I’m still enjoying the warm afterglow of Father’s Day. Tea and croissants in bed, since you ask, followed by eight hours of screaming, whining and fighting (The kids were well behaved, though, so heigh-ho). It’s with this celebration of parenthood in mind that my thoughts turn to plastics — or, as the dude in The Graduate called them: “Plastics.”

I applaud this newspaper’s campaign on disposable drinking straws with a glad heart. Ever since I read Donovan Hohn’s excellent Moby-Duck, thoughts of pelagic plastic have floated ceaselessly around the North Pacific Subtropical Gyre of my mind. But disposable drinking straws are just the start.

You don’t really know plastic — not seriously — until you have kids. You probably think you have a lot of plastic in your house. You don’t. Few non-parents will even have heard of VTech; parents tic and shudder at the very mention of this Moloch of chirping battery-operated tat. Non-parents think there are different sorts of Lego: Star Wars Lego, X-Men Lego, Ninja Lego and so on. Parents know it’s all Caltrop Lego.

Have children, and the interstices of your house fill with tiddlywinks, orphaned dice, solitary Connect Four counters, lugubrious plastic cows, ladders to nowhere, Playmobil hairstyles adrift from their owners; mysterious beads and bands. And all of this, one day, will find its way into landfill or into the Great Pacific Garbage Patch, where long after your great-great-great-grandchildren have returned unto dust it will be merrily strangling cormorants and drifting into the interiors of zooplankton and lugworms.

My friend Horatio Clare — a writer who has a strong interest in the sea — has had a bright idea. He notices that the tattiest of all the plastic tat that laps around the ankles of the parents of young children comes tumbling off the front of the kids’ magazines on the bottom shelf of the newsagents.

Every one comes with a cover-mounted “free gift” (ha ha): fairy princess lockets; Peppa Pig watches; decoder rings; Batman whizzer-launchers... most of which disintegrate before you get the magazine home.

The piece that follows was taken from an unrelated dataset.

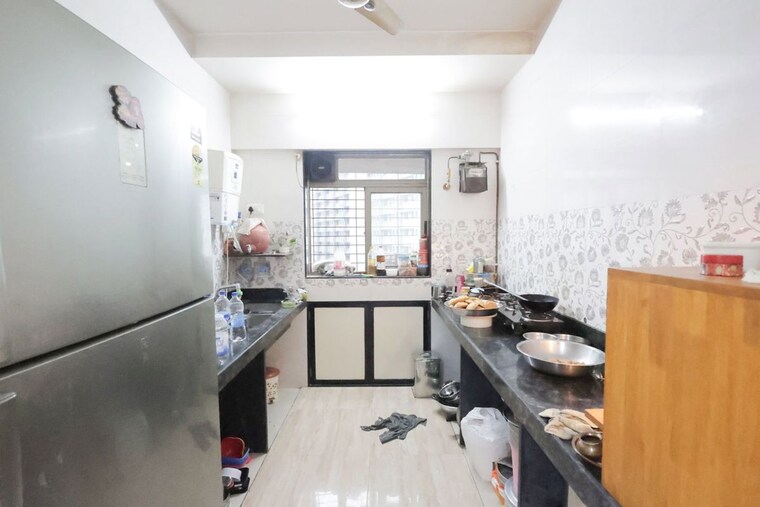 Kitchen, lodha-splendora  1000 Sq.Ft. Apartment In Ghodbunder Road Thane 10129523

You can, Horatio points out with rolled eye, follow the adventures of the eco-heroic underwater explorers Octonauts on CBeebies, and then buy magazines bundled with, as he puts it, “crummy plastic Octonauts toys destined for the ocean”.

He knows the market for these magazines is competitive. And he thinks the handful of publishers that produce most of them — National Geographic, Redan, Egmont and Immediate Media — “know it’s wrong, would probably love to drop the tat, but commercially they must feel they can’t unless they all do”.

"The tattiest of all the plastic tat that laps around parents of young children comes off the front of kids’ magazines"

So Horatio is campaigning via social media and email to encourage them, as one, to do just that. The issue is gaining traction on social media, and so far he’s had promising but non-promising responses — that is, all four publishers have responded to tell him they’re going to respond.

Wouldn’t it be a joy if they did the right thing? Go on, lads: just think of dear Captain Barnacles gasping his last with a plastic magazine bag wrapped around his head like the victim in a Scandi crime drama. Do it for the Octonauts.

Hail a writer who reports his worst work

It’s easy to assume that those of great reputation ascend without interruption on wings of talent and charm. So how cheering it is to hear that a blistering 1976 memo has come to light from an editor at the New York Times to a young Seymour Hersh in response to Hersh grumbling about the editing of his work.

“Sy” is a multiple prize-winning investigative journalist, and at this stage had already made his reputation exposing the My Lai massacre.

He was told: “It should interest you to note that at this moment a good part of the New York Times has come to a standstill because the deputy managing editor, one assistant managing editor, one acting national editor and one assistant national editor are all tied up as they have been all day, and for days past, in trying to get your series into printable form.

“It seems to me that if I were a reporter whose work needed that much attention I would be slightly embarrassed and hugely grateful.”

Yowch. And how exactly did this come out? Well, Hersh reproduced it in his new memoir Reporter. That shows class.

*Vicky Beeching is an Oxford-trained theologian, a star of the Christian music charts and was tipped for ordination by the Archbishop of Canterbury. But since she came out as gay she lost her record contract was shunned by her church and received death threats. On the verge of training to become a priest, she was told privately by clergy that she’d have to promise to forgo sex.

Vicky Beeching (Rex Features)
Vicky Beeching (Rex Features)

She has now decided not to try, saying: “My career and vocation are blocked by a stained-glass ceiling.” I’m not a Christian, so it’s not my fight. It’s their club. But who’d be a member of a club like that?